Japan is a country that is full. If a surface is flat, chances are high that there’s a house on it or has crops growing. Things like airports, which cause air pollution and take up a lot of space even though it’s mostly just concrete and nothing else (well, one needs a runway to take off, right?), are then the ideal candidates for being built off-shore as opposed to other structures and facilities. Outside of Japan, you can find such islands in Hong Kong, for example.
Aerosim has recreated the Kansai artificial islands, the airports that sits on it, and even included some scenery for the city of Osaka. In this review we will see how well they did their job. It might be good to point out that Kansai International seems to be one of their first sceneries for FSX.
Installation and Documentation
The scenery is provided as a downloadable zip file. In here you find the scenery manual and an installer. Installation of the scenery is straightforward and works like any other add-on. The installer is fully automated and can take care of the entire installation.
All folders were correctly made and were placed where necessary and according to my wishes. Something to keep in mind however, is that the installer really only installs the scenery, and nothing else. Stuff like the manual is contained in the zip file, which you get, and isn’t copied to the scenery’s folder upon installation. The good thing about this is that, unlike some add-ons, you can read the installation instructions while installing. It would have been nice if afterwards the manual had been copied to the scenery’s installation directory, for easy finding.
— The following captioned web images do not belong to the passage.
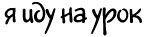 nau1.jpg (2308 bytes)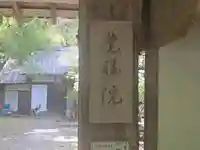 覚勝院のその他建物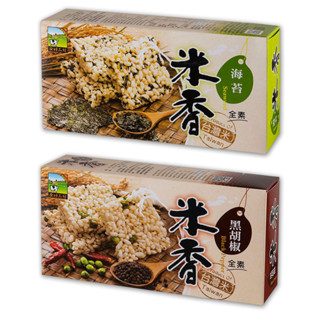 【甲賀之家】海苔米香/黑胡椒米香 105g/盒 (全素)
The documentation consists of a PDF document containing basic information on the airport and various charts. It also includes instructions on how to install the scenery, but due to the straightforwardness of the installation procedure, I doubt people will run into trouble.
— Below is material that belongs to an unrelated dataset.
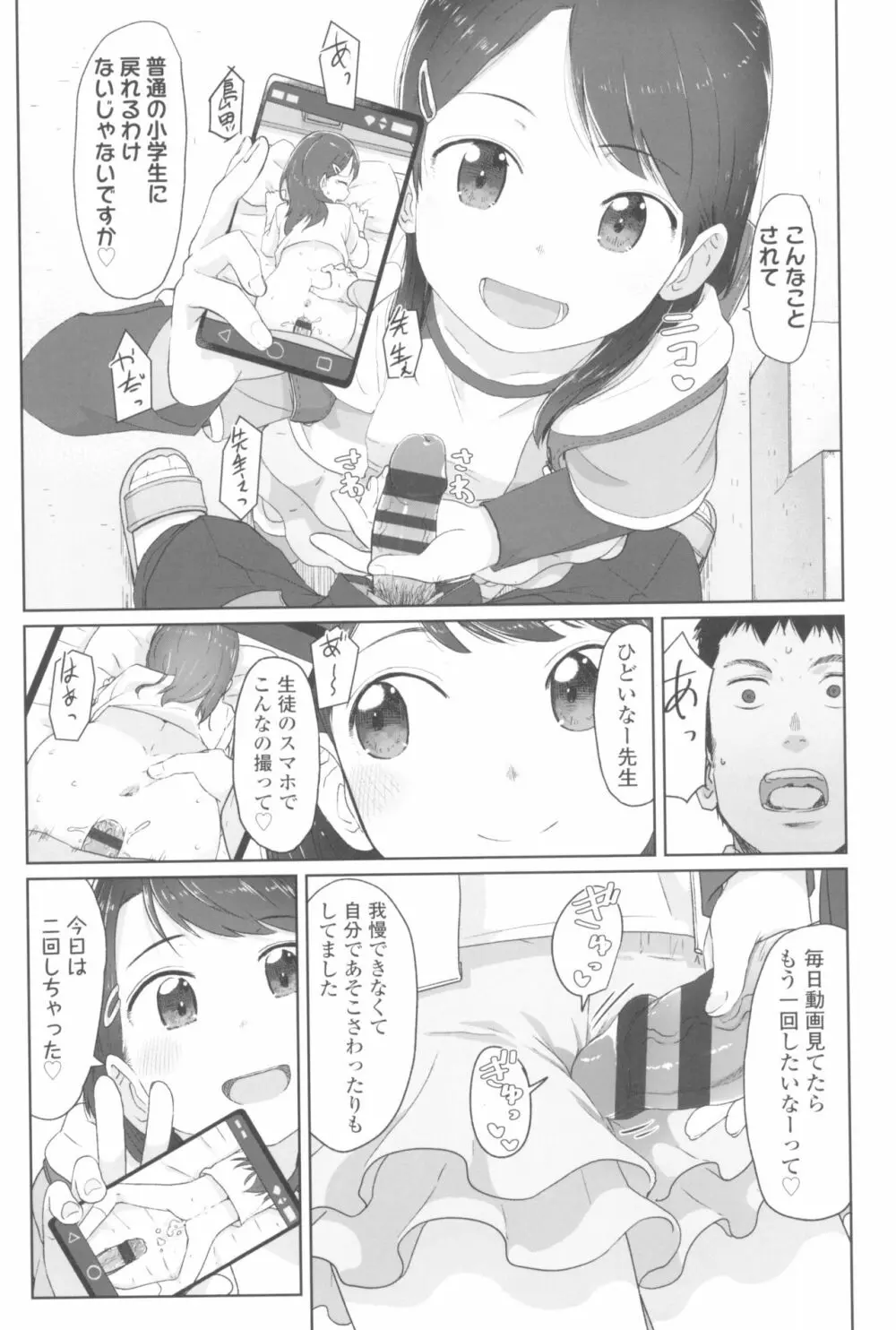 ♡♡♡するオンナノコ 47ページ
First a short intro to this specific scenery add-on. One thing I have seen previously in Aerosim scenery add-ons, is that the photoscenery coverage is remarkable. They not only include the airport, or the airport with immediate surroundings. No, they include at least half the city in which the airport lies. In Kansai International’s case this is hardly possible of course due to it being on an island, but nevertheless, you do get more than the airport itself. See the shot below.
Overview of Kansai International scenery
As you can see, the bridge between Kansai International and Osaka is also modeled. The modeling of the bridge looks very good and it’s a really nice sight while approaching the airport. Even more remarkable is what you see when you end up at Osaka: there is extensive photoscenery coverage here.
While approaching the airport, you will actually see Osaka as it is in real life, at least the way it was when the photoscenery was made. I greatly value this. It adds a new layer of immersion. Do keep in mind that because the distance between Kansai International and Osaka is rather large, that the resolution of the Osaka photoscenery isn’t as high as you’d want to see. As long as you don’t fly right over the city, it should not be a problem.
Judging by the charts supplied with the product, there are no arrival and departure routes located over the city anyway, so unless you knowingly deviate from these, you will indeed not fly directly over the city.
Kansai International can be divided into two discrete parts. There is the fully built, fleshed out part where the various terminals are located and then there is the half where there’s nothing yet (below). This half is, for as far as I understood, to be built on in the future. It is “part 2” of the Kansai International plan, and on it will be built, amongst other things, a second passenger terminal.
The populated half of Kansai International.
The empty half of Kansai International.
For obvious reasons, most of this review will be about the populated half of the airport. It would be nice if, when the time comes, Aerosim will release an update to this scenery, to get it on par with the then-current state of the airport. That is, however, an issue for the future.
Kansai International airport in its current state, features one large terminal building. It has a central building with two wings, which have jetways on both sides. See the shot below.
Overview of the Kansai International terminal building.
The terminal building is a modern glass and metal structure, with a wave-like roof. Over the wings drive small, red trains that have multiple stops along each wing, enabling passengers to quickly reach their gates. And all of this is modeled in the scenery. We will move a bit closer now.
The terminal and its jetways.
There are a couple of things to be noted in the above shot. First of all, note the ground textures. These look to be at least similar to default (note that I use REX!), although there is a huge array of custom ground markings, which all looks very good. The relatively high resolution textures make up for the defaultish look of the ground.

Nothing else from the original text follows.